Ш. не хотел принимать никаких возражений, он не согласен был их принимать, от кого бы те ни исходили, все равно бы не согласился принимать Ш. Дружба дружбой — блевотина врозь, сказал себе Ш.; и, чем больше он любил Феликса, тем меньше он готов был с ним соглашаться. Впрочем, и блюющие вместе, они все равно не вполне могли обрести новое содружество, сообщничество и соединение.
— А какими можно? — сказал он.
— Никакими нельзя, — сказал Мендельсон, головою усталой встряхнув.
— Верно, — сказал Ш.
Ночь за окнами была, будто зверь, от которого не знаешь, чего ждать; то ли ластиться станет он, то ли набросится без предупреждения. И лучше бы подальше держаться от этой ночи, да куда же спрячешься от нее, когда она повсюду?! Даже в душах их изможденных тоже она.
— Кто тебя так разукрасил? — спросил Феликс, вовсе даже не глядя на приятеля своего.
— Мир, — Ш. отвечал.
— Прямо-таки и мир? — удивился Феликс.
— Мир in vitro, — сказал Ш. — Мир без примеси, мир без излишеств, мир без помех. Неужели не слыхал?
— Это бывает, — подумав, согласился Мендельсон.
Оба они посидели и подышали еще тяжелым, прокисшим, невозможным воздухом. Воздух был отвратителен, воздух был нехорош, но ничего другого вовсе не существовало ему на смену. О, если б можно было переменить воздух, тогда, как знать, и не возможно ли было бы переменить жизнь?!
— У тебя блевотина была какой стадии? — спросил Ш.
— Второй, — подумав, отвечал Феликс.
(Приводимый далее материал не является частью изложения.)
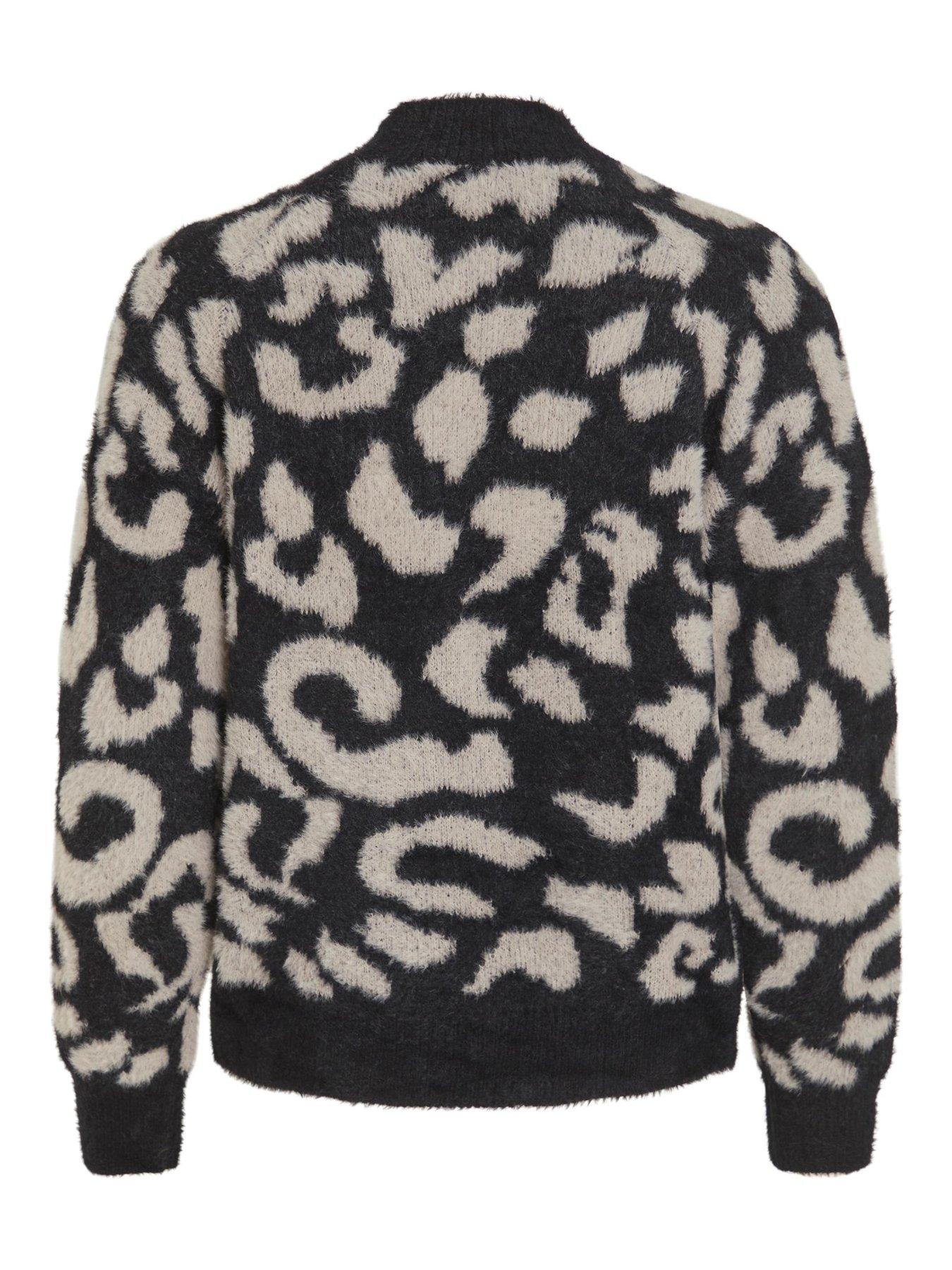 Leopard Print Jumper Black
И, еще подумав, все же спросил: «А что это такое?»
— Первая стадия, — Ш. говорил, — это блевотина-радость, блевотина-счастье, блевотина-облегчение.
Молчание Феликса и кивок головы его были знаком согласия, пометой непротивления, символом консенсуса; пред Ш. открылся оперативный простор разглагольствования, каковой возможно было использовать сполна.
— После блевотины первой стадии возникает легкость, как будто заново родился и пред тобою вся жизнь.
— Про первую я уже понял, — поторопил его Мендельсон.
— Вторая стадия — классическая. Она суть отвращение души твоей и утробы. Это блевотина плотная, энергичная и упругая…
— Тогда у меня третья, — сказал Феликс.
— О, третья стадия великолепна! — сказал Ш. — При третьей стадии пищевод выворачивается, как носок, и кажется, что ты умираешь. Это блевотина-мучение, блевотина-изнеможение.
— Точно третья, — подтвердил Феликс.
— Но мне, конечно, милее четвертая, — сказал Ш.
— Это как это? — поинтересовался Мендельсон.